7 Ways To Challenge Yourself And Gain Vision In 2017

Work Desk

Discover Your Vision This Year

Take a journey this year in discovering skills that you’ve lost or forgotten. Reconnect with yourself and ask challenging questions. What do you want to accomplish this year? What will you accomplish this month that will be unique and noteworthy?

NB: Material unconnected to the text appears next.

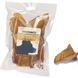 Лакомство Beeztees Snack Goat ears - 5 бр 00000005736 снимка 1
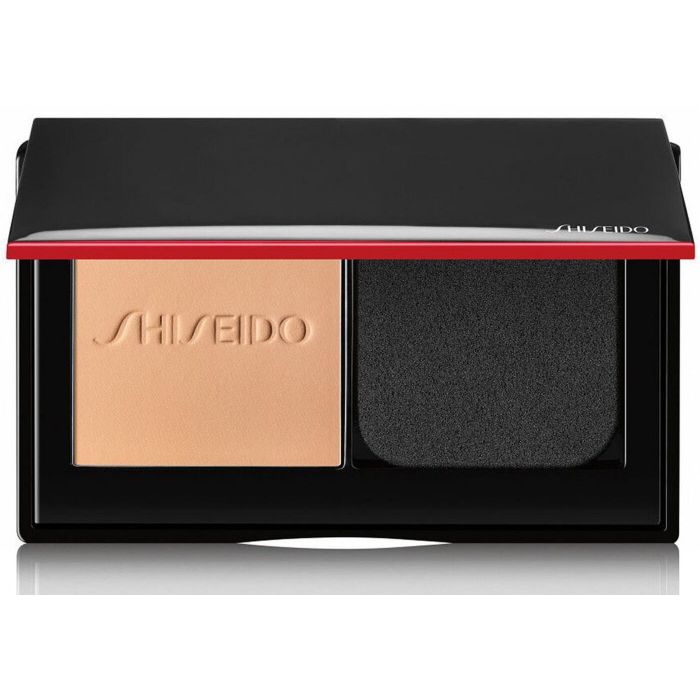Synchro Skin Self-Refreshing Custom Finish Powder Base de Maquillaje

  1. Identify your uniqueness.  The daily grind can really take away from your creative stamina.  You really have to fight for your creative time, whether it’s early in the morning over coffee or tea late at night.  Use this time to develop your vision and seek to understand yourself better.  There are things that set you apart from others — you don’t have to be a Mensa member.  Note, hard work and going the extra mile are key traits to success.
  2. Become goal-oriented.  Set general goals with deadlines for yourself, they don’t have to be precise, but they should be specific enough in that you will feel like you went above and beyond to accomplish it.  Start with goals that are tangible that you will see resolved within the year.
  3. Minimize to maximize.  If you are reading this, I’m sure that you are multi-talelented (you should recognize your talents), multi-tasking individual. That became a problem for me as I spread myself too thin. It was an early-on strength that became a weakness, because I wasn’t doing a few things well, and many things in a mediocre fashion. Minimize what you can, so that you can maximize your potential in your strengths.
  4. Disconnect to connect. Take breaks from your work to spend with family, relax, and have fun. Note that your friends and family need you, and you need them.  You deserve vacation and time-off.  If you don’t fatigue will get the better of you — see the next point.
  5. Don’t burn out.  Be perseverant to healthy levels, emotionally and physically.  Too much stress can take a physical toll on your body, and will erase any gains that you make.  Towards the end of 2016 I just couldn’t drink enough coffee to overcome the fatigue.  Ironically, I started cutting down on coffee when I noticed it wasn’t helping.
  6. Use your strengths to help others.  Are there ways that you can contribute to others, not related to your work?  Whether it be a church, school, or volunteering?  This helps develop your mind as you take a break from the usual strategies and goals.
  7. Be positive, lean towards “Yes”.  One thing that can really take away from your vision is negative language.  Don’t say things like, “I can’t,” or “It’s too hard,”.  Before you say no to something, at least think about it.  “No” by default will lead to zero reward, while saying “Yes” will lead to an unsuspecting reward.